Outro responsável da CIA, Edward Petty, ex-agente de contraespionagem sob o comando de Angleton, diria anos depois: “Golitsyn tinha previsto que chegaria outro agente do KGB, como Nosenko, com a missão de o desacreditar. Ao tratar Nosenko como um “agente enviado”, na realidade o efeito que se conseguia era consolidar a posição do próprio Golitsyn. Quanto a saber se Nosenko era realmente um “agente enviado”, todas as análises em profundidade ignoraram o pormenor de que, à vista das provas convincentes da presença de uma toupeira muito bem infiltrada, o mais certo é que não permitiriam que um Nosenko “autêntico” voltasse alguma vez a sair da URSS depois de voltar a Moscovo em 1962.” A única coisa que Petty desejava com esta declaração talvez fosse salvar a imagem do seu chefe, o poderoso James Jesus Angleton.
Anos depois a CIA descobriria que Anatoli Golitsyn, o desertor que fez suspeitar de Nosenko, tinha aproveitado as suas conversas e encontros com a Divisão Soviética da CIA para vender depois a informação ao MI6 britânico, ao SDECE francês e ao CSIS canadiano.
Yuri Ivanovich Nosenko divorciou-se da primeira mulher russa e voltou a casar com uma cidadã norte-americana. Hoje, aos oitenta anos, vive feliz algures nos EUA com a esposa, os três filhos e os sete netos norte-americanos.
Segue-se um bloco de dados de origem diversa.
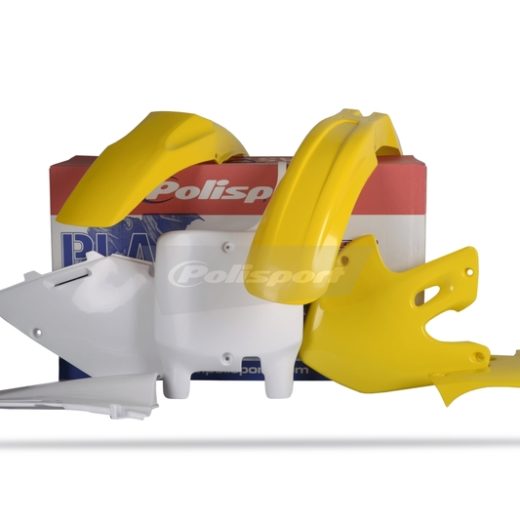 Kit POLISPORT plástica Suzuki color original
Os dados relativos ao Caso Nosenko encontram-se nas páginas 00023 e 00024 do relatório das «Jóias de Família». Também se encontram no Memorandum for: Deputy Director of Operations. Subject: Item for Possible Use in Briefing the DCI, com a data de 7 de Maio de 1973 e assinado por David H. Blee, chefe da Divisão do Bloco Soviético. Este memorando ocupa as páginas 00521 e 00522 do relatório das «Jóias de Família».